Question

The decay constant for a radioactive nuclide is \(1.5 × 10^{−5}s^{−1}\). Atomic weight of the substance is 60 g mole⁻¹. (\(N_A = 6×10^{23}\)). The activity of 1.0 µg of the substance is _____\(×10^{10}\) Bq.

Hint:

Activity (A) is the number of decays per unit time. It’s calculated as the product of the decay constant (λ) and the number of radioactive atoms (N).

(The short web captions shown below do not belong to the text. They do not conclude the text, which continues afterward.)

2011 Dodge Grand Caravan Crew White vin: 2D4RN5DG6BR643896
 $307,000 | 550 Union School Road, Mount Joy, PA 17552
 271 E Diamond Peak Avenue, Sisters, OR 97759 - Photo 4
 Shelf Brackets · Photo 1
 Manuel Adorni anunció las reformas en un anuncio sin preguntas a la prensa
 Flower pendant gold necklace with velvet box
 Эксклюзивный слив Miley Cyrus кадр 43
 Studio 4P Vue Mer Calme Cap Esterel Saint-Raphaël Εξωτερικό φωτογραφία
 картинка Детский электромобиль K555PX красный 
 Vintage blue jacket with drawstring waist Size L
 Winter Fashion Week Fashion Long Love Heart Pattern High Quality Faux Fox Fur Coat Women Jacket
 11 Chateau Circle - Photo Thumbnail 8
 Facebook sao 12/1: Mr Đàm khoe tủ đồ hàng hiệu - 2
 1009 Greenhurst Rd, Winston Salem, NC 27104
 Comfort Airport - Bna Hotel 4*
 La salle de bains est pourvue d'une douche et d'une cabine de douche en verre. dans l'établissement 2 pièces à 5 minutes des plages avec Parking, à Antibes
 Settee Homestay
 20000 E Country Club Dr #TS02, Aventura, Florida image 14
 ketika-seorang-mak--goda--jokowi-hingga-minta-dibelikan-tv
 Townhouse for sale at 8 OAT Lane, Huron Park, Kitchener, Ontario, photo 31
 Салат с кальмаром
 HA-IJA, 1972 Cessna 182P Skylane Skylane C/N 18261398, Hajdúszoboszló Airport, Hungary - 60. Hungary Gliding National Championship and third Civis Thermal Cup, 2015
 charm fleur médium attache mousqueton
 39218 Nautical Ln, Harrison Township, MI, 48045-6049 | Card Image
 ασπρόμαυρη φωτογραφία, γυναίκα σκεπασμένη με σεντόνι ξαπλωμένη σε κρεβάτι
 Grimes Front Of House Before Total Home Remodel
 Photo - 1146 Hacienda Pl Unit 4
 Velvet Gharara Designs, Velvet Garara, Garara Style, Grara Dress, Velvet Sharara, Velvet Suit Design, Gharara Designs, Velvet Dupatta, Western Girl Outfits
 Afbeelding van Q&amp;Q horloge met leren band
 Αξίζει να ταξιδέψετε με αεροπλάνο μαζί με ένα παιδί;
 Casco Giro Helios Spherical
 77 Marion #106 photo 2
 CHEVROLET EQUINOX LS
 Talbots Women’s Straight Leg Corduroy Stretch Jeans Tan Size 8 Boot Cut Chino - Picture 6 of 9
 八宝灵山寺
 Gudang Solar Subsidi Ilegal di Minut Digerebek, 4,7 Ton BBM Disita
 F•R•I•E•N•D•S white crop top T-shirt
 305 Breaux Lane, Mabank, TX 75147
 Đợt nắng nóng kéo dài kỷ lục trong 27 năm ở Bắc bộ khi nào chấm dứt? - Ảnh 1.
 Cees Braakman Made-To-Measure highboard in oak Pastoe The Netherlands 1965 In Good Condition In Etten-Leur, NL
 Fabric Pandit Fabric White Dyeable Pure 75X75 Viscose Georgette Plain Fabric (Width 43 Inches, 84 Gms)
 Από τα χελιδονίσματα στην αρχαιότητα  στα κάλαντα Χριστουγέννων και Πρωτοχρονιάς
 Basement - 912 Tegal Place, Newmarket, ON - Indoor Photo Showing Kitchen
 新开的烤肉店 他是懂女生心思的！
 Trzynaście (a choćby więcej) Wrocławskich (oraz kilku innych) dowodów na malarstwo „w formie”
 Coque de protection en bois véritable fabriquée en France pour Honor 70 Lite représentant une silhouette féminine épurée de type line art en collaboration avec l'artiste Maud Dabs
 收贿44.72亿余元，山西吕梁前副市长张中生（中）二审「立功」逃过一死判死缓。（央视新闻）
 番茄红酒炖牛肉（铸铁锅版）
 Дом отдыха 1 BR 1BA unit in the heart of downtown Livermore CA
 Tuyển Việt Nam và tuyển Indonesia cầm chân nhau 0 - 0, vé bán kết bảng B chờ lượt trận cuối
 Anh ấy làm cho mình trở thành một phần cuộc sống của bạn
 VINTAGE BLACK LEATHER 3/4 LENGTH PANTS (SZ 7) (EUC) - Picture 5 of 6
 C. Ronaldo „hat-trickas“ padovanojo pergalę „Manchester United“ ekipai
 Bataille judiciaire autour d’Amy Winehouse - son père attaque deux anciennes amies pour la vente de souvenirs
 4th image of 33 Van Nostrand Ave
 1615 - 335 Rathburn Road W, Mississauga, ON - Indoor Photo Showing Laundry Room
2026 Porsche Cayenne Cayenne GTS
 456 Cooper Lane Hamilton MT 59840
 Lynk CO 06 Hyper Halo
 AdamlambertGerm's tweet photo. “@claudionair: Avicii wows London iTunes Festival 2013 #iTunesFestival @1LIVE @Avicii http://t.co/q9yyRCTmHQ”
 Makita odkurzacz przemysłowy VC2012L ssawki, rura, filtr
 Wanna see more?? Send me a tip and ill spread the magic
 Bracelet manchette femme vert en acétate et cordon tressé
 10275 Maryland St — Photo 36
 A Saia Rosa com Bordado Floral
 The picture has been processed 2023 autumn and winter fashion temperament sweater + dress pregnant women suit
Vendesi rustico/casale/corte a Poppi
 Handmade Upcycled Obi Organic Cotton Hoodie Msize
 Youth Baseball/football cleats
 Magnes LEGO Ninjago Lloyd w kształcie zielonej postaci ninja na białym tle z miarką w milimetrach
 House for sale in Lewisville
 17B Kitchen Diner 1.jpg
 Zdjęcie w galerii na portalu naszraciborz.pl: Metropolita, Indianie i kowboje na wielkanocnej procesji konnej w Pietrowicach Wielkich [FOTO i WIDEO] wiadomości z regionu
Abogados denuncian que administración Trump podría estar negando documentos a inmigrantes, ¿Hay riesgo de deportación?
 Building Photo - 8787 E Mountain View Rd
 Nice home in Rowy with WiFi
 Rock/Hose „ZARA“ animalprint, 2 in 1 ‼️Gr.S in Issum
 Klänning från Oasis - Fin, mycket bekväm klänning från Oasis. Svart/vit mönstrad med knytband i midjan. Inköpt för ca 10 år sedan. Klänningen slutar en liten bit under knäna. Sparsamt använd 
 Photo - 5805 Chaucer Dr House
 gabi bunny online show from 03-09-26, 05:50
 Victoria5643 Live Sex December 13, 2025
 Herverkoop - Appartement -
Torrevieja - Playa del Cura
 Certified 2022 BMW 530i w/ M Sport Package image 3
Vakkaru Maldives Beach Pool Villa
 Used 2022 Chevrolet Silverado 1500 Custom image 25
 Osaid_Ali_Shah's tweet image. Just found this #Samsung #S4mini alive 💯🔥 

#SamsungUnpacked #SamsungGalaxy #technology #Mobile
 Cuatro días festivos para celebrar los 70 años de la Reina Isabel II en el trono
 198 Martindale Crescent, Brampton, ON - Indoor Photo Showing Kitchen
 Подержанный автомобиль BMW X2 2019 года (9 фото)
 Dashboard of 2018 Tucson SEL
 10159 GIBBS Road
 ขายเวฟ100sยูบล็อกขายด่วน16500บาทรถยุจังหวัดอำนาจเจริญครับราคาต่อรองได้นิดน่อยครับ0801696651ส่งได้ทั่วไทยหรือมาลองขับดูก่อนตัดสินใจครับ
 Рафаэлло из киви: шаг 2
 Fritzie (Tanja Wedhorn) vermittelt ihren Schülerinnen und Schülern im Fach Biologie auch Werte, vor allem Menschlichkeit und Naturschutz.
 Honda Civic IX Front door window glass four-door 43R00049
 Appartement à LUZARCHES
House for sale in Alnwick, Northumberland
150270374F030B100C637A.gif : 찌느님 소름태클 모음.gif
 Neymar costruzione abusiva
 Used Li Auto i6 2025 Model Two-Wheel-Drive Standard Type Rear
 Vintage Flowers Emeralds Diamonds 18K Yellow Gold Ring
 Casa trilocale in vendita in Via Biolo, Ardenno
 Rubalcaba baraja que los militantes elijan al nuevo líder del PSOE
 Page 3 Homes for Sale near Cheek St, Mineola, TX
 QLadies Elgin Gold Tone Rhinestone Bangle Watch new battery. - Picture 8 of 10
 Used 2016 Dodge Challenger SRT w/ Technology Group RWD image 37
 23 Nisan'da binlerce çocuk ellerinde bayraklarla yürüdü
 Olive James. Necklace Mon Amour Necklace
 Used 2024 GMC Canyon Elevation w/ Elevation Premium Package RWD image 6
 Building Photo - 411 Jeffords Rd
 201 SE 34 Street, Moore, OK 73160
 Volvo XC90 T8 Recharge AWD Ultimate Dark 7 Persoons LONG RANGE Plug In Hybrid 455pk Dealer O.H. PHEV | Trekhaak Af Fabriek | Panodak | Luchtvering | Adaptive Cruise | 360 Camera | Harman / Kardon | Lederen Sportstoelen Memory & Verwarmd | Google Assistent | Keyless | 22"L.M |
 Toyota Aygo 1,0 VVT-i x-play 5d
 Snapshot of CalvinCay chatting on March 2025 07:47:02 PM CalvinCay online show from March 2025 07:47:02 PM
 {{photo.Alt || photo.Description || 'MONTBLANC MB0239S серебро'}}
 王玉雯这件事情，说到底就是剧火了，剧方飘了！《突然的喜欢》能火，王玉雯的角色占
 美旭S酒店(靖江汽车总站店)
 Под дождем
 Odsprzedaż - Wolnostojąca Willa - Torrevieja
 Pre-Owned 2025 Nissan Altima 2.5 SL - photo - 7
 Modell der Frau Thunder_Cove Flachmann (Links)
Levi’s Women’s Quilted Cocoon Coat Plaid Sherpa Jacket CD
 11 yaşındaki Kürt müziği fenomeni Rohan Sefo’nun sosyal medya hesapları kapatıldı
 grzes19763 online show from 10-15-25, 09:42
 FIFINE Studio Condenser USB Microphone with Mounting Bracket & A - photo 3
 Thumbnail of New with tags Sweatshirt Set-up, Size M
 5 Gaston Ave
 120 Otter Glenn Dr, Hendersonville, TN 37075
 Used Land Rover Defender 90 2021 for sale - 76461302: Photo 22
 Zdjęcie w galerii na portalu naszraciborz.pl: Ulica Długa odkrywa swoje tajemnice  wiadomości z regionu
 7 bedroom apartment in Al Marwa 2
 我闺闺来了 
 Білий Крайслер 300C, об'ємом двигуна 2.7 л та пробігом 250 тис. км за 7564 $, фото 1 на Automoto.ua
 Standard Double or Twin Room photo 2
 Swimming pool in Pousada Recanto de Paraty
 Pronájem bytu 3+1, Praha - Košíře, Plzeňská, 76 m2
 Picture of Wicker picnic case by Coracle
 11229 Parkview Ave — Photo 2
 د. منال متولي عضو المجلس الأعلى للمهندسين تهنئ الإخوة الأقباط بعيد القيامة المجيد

Remember to convert units consistently

Answer 1

Correct Answer: 15

Step 1: Calculate the Number of Moles 

The number of moles is given by:

\[ \text{No. of moles} = \frac{\text{Mass of sample}}{\text{Molar mass}} \]

Substitute the given values:

\[ \text{No. of moles} = \frac{1 \times 10^{-6}}{60} = \frac{10^{-7}}{6} \, \text{moles} \]

Step 2: Calculate the Number of Atoms

Using Avogadro’s number (\( N_A = 6 \times 10^{23} \)):

\[ \text{No. of atoms} = n \cdot N_A = \frac{10^{-7}}{6} \cdot 6 \times 10^{23} \]

Simplify:

\[ \text{No. of atoms} = 10^{16} \]

Step 3: Calculate the Initial Activity (\( A_0 \))

The activity at \( t = 0 \) is given by:

\[ A_0 = N_0 \lambda \]

Substitute \( N_0 = 10^{16} \) and \( \lambda = 1.5 \times 10^{-5} \):

\[ A_0 = 10^{16} \cdot 1.5 \times 10^{-5} \]

Simplify:

\[ A_0 = 15 \times 10^{10} \, \text{Bq} \]

Final Answer:

The initial activity is \( A_0 = 15 \times 10^{10} \, \text{Bq}. \)